Car le Husky est chasseur. C’est indéniable. Son instinct de prédation étant plus prononcé que chez d’autres races de chien, il est nécessaire d’être vigilant quand il est en liberté. La faune sauvage et les chats du quartier pourraient en faire les frais. Si vous avez l’occasion de le nourrir au cru, vous comblerez au moins chez le Husky le besoin de mastiquer, dilacérer la viande et croquer les os, à défaut de pouvoir combler son instinct de poursuite en le laissant chasser, ce qui serait bien évidemment cruel pour les animaux croisés en promenade.
Conseil qu’il est toujours bon de rappeler, le Husky n’est pas fait pour rester seul dix heures par jour. Il est évident que travailler est nécessaire pour vivre, mais laisser un chien seul aussi longtemps est une négation totale de ses besoins éthologiques. Essayez de recruter un(e) dog-sitter, laissez votre chien en garde chez un ami qui a un autre chien, confiez-le à une garderie canine de jour, mais ne le laissez pas seul dix heures par jour, cinq jours sur sept. Le Husky n’est peut-être plus un acharné des sports de traîneaux (et encore, certains le sont, en fonction de leur génétique et de la condition physique dans laquelle on les maintient), mais il a besoin d’explorer, de gambader, de renifler, de jouer, de rencontrer d’autres chiens, bref, de vivre, tout simplement !

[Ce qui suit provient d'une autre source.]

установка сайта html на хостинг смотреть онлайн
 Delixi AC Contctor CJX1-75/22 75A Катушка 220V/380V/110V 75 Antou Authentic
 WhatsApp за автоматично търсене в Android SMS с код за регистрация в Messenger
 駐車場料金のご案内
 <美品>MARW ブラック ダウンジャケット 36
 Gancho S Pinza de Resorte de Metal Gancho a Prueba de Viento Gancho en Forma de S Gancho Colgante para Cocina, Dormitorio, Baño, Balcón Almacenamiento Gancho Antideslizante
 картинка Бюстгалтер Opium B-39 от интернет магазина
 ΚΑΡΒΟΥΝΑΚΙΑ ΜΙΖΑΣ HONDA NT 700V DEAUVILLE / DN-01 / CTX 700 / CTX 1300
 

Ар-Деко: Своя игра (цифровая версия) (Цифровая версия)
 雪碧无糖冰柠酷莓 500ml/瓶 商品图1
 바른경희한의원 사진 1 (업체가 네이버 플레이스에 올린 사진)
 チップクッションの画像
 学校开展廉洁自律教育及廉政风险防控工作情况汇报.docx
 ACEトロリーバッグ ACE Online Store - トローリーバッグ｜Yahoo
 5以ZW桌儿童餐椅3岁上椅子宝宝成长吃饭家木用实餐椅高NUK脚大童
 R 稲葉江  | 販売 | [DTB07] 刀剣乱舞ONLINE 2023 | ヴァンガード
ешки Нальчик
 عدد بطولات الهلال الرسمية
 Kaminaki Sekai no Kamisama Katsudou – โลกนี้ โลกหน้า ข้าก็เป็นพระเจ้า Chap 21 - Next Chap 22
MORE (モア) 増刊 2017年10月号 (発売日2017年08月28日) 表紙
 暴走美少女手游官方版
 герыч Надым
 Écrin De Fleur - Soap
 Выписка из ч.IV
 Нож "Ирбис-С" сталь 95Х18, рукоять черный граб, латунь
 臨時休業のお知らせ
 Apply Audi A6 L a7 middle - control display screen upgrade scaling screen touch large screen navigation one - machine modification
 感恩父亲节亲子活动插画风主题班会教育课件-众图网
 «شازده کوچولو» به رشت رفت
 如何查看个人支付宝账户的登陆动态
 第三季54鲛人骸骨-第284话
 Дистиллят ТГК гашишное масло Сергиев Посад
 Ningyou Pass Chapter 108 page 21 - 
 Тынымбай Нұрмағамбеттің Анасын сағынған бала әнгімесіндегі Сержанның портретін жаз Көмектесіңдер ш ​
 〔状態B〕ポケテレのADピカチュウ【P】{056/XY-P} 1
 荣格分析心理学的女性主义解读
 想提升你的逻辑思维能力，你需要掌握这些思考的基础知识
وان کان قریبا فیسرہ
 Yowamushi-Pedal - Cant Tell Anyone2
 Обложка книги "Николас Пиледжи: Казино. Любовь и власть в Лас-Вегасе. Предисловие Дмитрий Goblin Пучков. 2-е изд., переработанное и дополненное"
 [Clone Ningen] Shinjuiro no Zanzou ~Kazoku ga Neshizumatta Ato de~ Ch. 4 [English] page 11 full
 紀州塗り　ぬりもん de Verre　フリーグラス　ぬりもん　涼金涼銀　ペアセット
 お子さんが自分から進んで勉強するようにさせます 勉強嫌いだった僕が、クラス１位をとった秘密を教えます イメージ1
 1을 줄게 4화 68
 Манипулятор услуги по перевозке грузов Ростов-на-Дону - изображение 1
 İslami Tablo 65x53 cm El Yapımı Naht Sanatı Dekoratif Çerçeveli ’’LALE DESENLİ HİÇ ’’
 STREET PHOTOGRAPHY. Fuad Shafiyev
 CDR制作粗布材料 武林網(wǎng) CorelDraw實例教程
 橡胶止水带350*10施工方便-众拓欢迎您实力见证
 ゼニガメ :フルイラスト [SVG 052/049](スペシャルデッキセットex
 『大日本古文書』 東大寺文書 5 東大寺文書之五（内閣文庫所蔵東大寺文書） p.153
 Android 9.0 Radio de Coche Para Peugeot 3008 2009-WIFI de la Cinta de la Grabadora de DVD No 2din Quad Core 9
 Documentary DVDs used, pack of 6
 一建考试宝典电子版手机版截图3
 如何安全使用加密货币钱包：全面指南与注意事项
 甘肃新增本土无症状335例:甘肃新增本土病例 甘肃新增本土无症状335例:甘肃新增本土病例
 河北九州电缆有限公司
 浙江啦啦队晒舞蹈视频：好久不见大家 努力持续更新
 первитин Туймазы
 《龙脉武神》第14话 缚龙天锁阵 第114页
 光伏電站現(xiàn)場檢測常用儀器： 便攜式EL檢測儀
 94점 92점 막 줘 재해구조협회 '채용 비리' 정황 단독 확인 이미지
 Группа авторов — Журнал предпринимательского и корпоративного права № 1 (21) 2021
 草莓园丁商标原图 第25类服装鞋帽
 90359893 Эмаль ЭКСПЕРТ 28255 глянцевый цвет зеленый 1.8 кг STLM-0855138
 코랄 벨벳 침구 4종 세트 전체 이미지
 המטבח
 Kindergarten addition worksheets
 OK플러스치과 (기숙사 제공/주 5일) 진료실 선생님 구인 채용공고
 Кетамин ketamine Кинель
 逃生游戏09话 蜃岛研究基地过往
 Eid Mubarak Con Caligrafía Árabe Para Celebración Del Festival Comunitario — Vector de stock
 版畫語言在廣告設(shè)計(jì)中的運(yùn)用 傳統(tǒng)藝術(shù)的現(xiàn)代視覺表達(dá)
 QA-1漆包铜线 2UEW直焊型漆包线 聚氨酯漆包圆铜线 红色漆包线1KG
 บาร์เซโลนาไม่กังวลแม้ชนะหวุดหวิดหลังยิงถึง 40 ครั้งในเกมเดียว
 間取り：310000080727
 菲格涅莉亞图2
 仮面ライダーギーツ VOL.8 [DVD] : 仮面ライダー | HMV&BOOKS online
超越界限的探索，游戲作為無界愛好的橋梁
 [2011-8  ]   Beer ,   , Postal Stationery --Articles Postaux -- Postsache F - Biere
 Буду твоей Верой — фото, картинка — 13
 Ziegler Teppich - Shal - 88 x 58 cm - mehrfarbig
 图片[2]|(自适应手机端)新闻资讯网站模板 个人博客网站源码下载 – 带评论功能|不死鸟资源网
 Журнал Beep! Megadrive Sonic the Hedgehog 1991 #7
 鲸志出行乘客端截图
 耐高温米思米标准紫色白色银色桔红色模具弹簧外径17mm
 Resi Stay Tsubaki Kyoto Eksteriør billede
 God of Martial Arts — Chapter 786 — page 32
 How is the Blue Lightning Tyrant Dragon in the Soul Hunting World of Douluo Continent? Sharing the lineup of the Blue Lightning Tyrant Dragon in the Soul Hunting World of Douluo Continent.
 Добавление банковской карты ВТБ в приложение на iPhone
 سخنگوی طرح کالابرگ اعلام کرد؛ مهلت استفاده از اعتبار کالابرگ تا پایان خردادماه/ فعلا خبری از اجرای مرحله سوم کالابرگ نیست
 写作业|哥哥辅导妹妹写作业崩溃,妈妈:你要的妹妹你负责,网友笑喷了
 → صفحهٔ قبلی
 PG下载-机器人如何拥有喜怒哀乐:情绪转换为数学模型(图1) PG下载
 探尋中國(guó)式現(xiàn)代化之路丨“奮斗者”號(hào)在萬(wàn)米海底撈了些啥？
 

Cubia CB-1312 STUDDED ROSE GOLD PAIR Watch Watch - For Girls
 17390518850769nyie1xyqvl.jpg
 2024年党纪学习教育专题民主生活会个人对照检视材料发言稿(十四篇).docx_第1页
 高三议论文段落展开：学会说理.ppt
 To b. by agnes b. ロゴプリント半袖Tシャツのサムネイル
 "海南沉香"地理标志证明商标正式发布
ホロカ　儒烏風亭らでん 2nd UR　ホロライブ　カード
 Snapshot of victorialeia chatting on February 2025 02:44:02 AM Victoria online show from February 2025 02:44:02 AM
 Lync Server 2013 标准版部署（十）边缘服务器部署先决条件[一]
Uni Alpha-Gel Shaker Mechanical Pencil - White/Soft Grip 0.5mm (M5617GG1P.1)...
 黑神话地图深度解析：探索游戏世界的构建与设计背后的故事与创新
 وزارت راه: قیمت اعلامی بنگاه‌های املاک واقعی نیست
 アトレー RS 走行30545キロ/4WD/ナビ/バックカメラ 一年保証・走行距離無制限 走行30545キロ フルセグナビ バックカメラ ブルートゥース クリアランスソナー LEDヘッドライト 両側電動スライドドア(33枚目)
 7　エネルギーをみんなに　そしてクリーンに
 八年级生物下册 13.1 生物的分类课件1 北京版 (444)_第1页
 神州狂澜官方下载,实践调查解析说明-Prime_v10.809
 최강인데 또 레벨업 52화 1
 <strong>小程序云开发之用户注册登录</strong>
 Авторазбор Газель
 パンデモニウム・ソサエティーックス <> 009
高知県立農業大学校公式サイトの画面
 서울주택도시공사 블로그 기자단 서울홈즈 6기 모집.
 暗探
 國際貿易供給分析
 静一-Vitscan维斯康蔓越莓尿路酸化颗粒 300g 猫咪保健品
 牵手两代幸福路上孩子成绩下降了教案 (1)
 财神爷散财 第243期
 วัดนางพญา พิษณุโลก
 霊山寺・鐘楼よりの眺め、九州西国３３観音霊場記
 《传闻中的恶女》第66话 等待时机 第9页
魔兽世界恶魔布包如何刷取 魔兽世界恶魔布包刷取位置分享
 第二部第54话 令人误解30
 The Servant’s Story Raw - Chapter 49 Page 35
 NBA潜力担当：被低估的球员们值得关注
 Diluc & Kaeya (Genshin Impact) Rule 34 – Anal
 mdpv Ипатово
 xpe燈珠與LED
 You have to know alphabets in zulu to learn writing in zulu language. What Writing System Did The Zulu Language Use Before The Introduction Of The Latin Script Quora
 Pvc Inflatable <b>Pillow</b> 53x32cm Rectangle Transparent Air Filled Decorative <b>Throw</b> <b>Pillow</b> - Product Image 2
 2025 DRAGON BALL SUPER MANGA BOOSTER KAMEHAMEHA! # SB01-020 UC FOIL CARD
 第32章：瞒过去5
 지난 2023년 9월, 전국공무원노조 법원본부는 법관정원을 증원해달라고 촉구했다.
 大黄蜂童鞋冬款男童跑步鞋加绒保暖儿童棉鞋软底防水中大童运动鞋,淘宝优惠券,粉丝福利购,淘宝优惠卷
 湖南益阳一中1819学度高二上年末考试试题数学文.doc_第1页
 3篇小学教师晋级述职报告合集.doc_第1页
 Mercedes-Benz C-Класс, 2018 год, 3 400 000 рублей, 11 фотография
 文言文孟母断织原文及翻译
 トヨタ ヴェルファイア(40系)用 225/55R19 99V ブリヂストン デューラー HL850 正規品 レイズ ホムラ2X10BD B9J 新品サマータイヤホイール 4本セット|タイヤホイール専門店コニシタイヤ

Enfin, si vous comptez sur votre Husky pour monter la garde, vous risquez de tomber de haut. Il est plus probable de le retrouver en train de prendre le thé avec un cambrioleur plutôt que de le surprendre tout crocs dehors et l’échine hérissée à essayer de chasser un intrus qui se serait trop approché de votre portail. Le Husky est probablement l’une des seules races de chien à faire la fête au facteur ! Dire que, parfois, il ne se lève même pas du canapé pour vous saluer quand vous rentrez du travail… C’est ça, le Husky : un chien qui vous amènera toujours à vous remettre en question et à vous améliorer, un animal tout en contradictions, qui vous fera mourir de rire quand il vous fera la conversation (le Husky cause, et aime s’entendre parler !), et qui vous fera vous arracher les cheveux quand il aura décidé de ne revenir à vos pieds qu’APRÈS s’être copieusement roulé dans ce cadavre de ragondin faisandé qui empeste à deux-cents mètres. Le Husky est un hymne à la vie enfoui sous un amas de fourrure, un épicurien caché derrière un regard couleur lagon. À ses côtés, et si vous lui consacrez le temps et la patience qu’il mérite, vous apprendrez à devenir un peu un chien vous-même et vous mordrez à pleines dents dans la vie.